After a nearly 6 year hiatus, I am back. And you want to know why? 

Because of my pants. 

My pants have brought me back. 

Really I guess getting pregnant again has brought me back, but in a roundabout kind of way, the pants have too. 

At twelve weeks pregnant I have spent the last six weeks in boderline misery, what with the nausea and fatigue and indigestion and wholly inappropriate belching, and I have found myself in need of company, specifically in the form of women who have lived through the first trimester of pregnancy. I've taken to reading blog posts written by bloggers I used to read, scouring through their archives for posts about their pregnancies, in hopes of finding solidarity and humor. And somewhere along the way I found myself reading through my own old blog posts, mostly written when I was pregnant with Norah*.

It's been fun to have those to look through, and sadly I don't have many  written accounts of pregnancy with Max.
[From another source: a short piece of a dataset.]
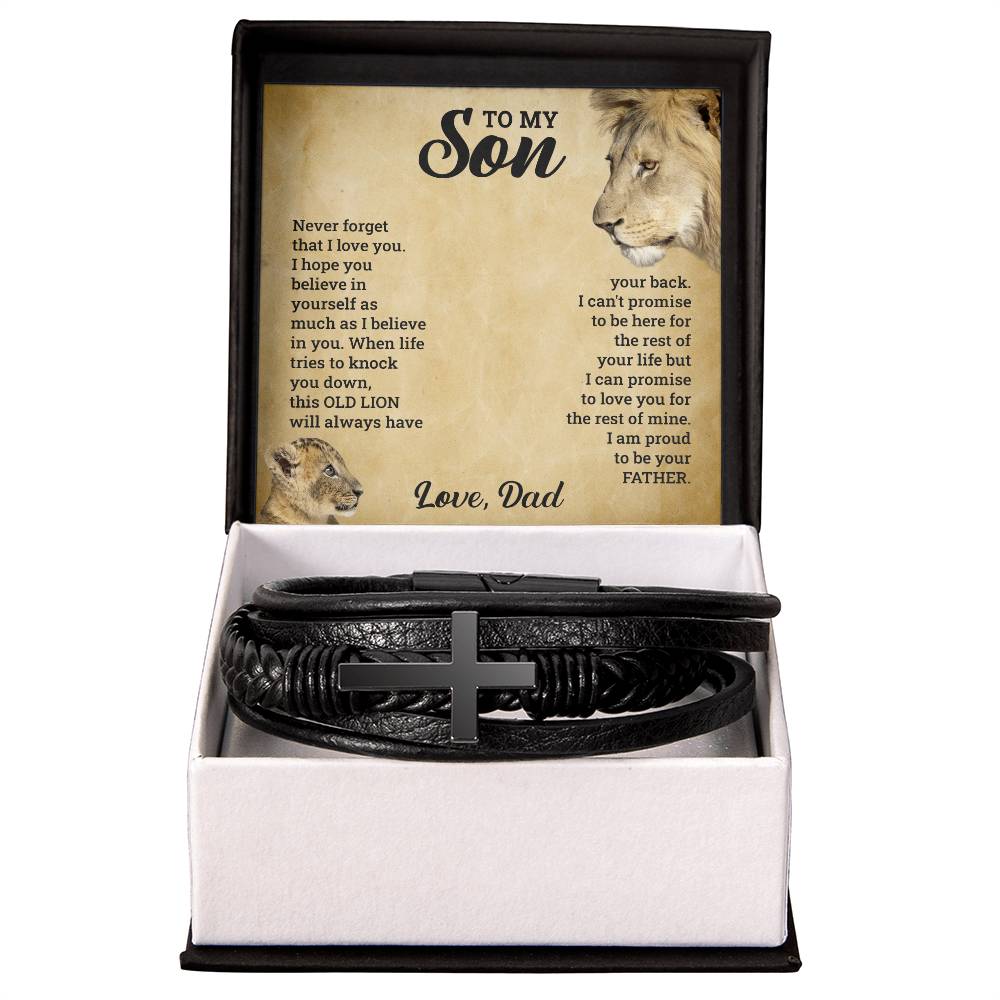 To My Son - This Old Lion - Men's Jesus Cross Bracelet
So here's to hopes of documenting more of this kid's journey to life on the outside. And life beyond the womb. And really, just documenting more of life in general, because it is something I have missed, a muscle I should exercise more and a way of looking at life that I would do well to practice more often. 
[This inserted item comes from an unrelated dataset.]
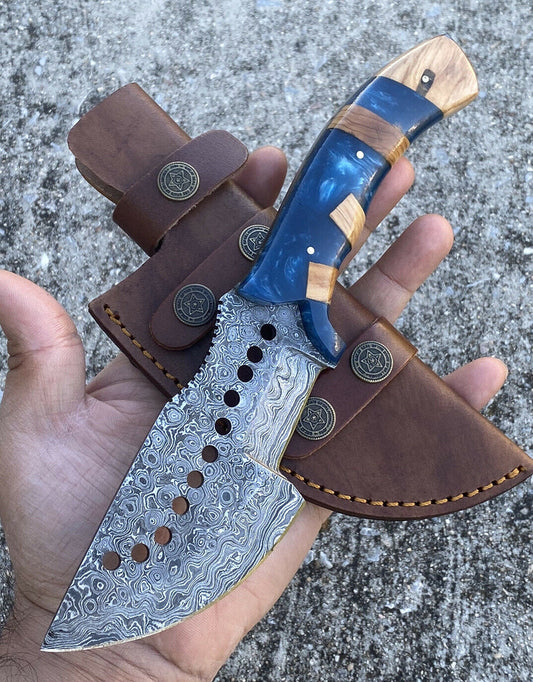 Custom Handmade Damascus Steel Tracker Hunitng Knife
I considered starting a new blog, something I've done two or three times already, but opted to come back to where it all started. Back to sadiemama, because in the end, that's what this is all about. 

But what does this have to do with pants? 

At twelve weeks with my third kid, I am sporting an alarmingly large belly, one that  has prompted more than one person to doubt me when I tell them how far along I am. The Belly has not been containable by regular pants in six weeks and has a distinct possibility of taking over my entire house before we are all said and done. 

As I read through my old blogs I found  where I had written, hugely 38 weeks pregnant with Norah, that I could sum up pregnancy into one tag line: 9 months of fighting with my pants. 

Tonight as I drove to Wal Mart in search of elastic waist pants that I could wear to work in the morning, because I just cannot deal with anything else, I realized that it was settled. Me and my pants were coming back to sadiemama

*disclaimer* Sure. I have read through my own archives. But that doesn't mean you have to. And if you do, please don't judge too harshly, because gosh, I really was kind of a brat. 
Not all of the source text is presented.